Let $R$ be a commutative ring and $x$ is an $R$-regular element. It's a fact that the Koszul complex in this case is self-dual, i.e. $Hom_R(K^R(x),R)=K^R(x)[-1]$. This is true for a regular sequence too, but I'm sticking to the simple case.
My concern here is: the indices don't match. Look at the right-hand side. The index is defined to be $$(K^R(x)[-1])_i=(K^R(x))_{i-1}.$$ Since $K^R(x)$ is concentrated at $0$ and $1$, $K^R(x)[-1]$ is concentrated at $i$ such that $i-1=0,1$, i.e. $i=1,2$. Apparently, my argument is flawed somehow.

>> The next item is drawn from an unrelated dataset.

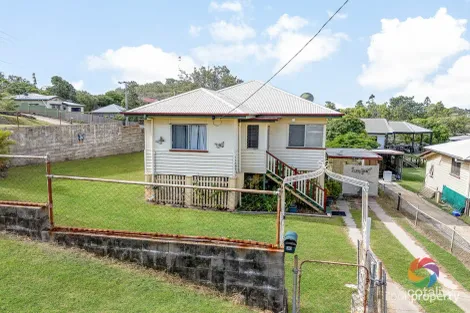 30 Roberts St, South Gladstone, QLD 4680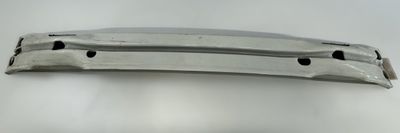 31301976 Priekšējā bufera sija VOLVO V40 (2012-2019)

In the solution for this problem, a note I'm reading claims that $K^R(x)[-1]$ is concentrated at $-1,0$.
What is my mistake?
This boils down to how you define $C[-1]$ (the issue is the definition changes if you're working with a homologically or a cohomologically graded complex, and sometimes we write $C[1]$ instead).
In your case, it is more or less clear that the dual of $K^R(x)$ is concentrated in degrees $-1$ and $0$, and $C[-1]$ on cochain complexes acts by $C[-1]^n = C^{n+1}$, contrary to what you write (and introduces a sign in the differential). This then gives what you want, i.e. you are desuspending $K^R(x)$.